The county council's Labour group says it is planning to lobby against a move by seven different bodies to team up to sell properties.

As your Worcester News revealed two weeks ago, a major project is being planned which will see scores of unneeded properties belonging to councils, the police, NHS and fire service sold.

Labour claim the county council's Conservatives are trying to form a new company that it can sell off to the highest bidder.

It also says the move is too "short term" when better options could include renting out sites instead.

Councillor Richard Udall, from the group, said: "This is nothing more than a vehicle to carry off the county’s crown jewels and silver to form a company that will be sold off cheaply.

"This is daylight robbery, the council-owned farms alone are worth £20m and create an income each year to the county of £300,000.

"This is one of the county’s greatest assets seen as the jewel in crown and envy of other authorities.

"We have managed our estates efficiently and in a profitable way for years and the auditors over the years have only had praise for the council's stewardship.

"To cart off the assets in such a cavalier fashion is reckless and will leave the county penniless."

"We need to make it clear that Worcestershire is not for sale."

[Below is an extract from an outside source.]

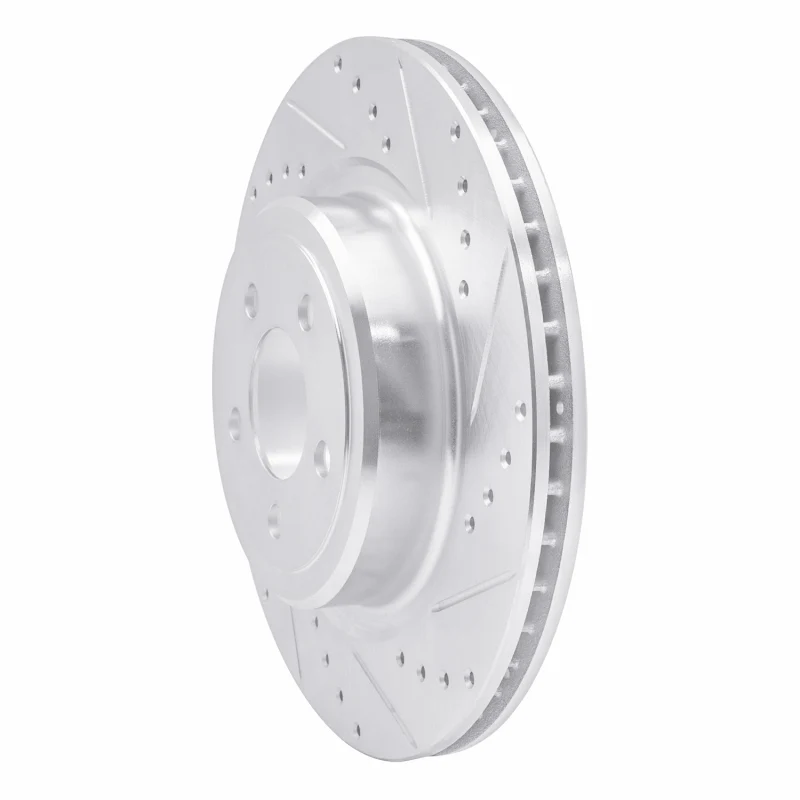 R1 06-23 Dodge Magnum Rear Right Drilled & Slotted Silver Brake Rotor - Image 2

The criticism has been rejected by the Conservatives, which says having scores of empty buildings and unused assets is a waste of taxpayers' money.

The project is expected to include Worcester City Council, the NHS trust, West Mercia Police, Redditch Borough Council, the fire service and Warwickshire Police as partners.

By sharing space and selling unwanted assets, it is estimated to save the county council alone £49 million in maintenance costs over the next decade, and lead to a combined £118 million of sales.

Assets like the Guildhall, County Hall and Hindlip will be protected.

Councillor Adrian Hardman, county council leader, said: "When I first joined this council there was a strange culture of liking buildings, and trying to keep what we had, almost like some sense of civic pride.

"We estimate this will save us £49 million in revenue alone over the next 10 years and that money will have a direct impact on funding the front line.

"It's an entirely sensible thing to do."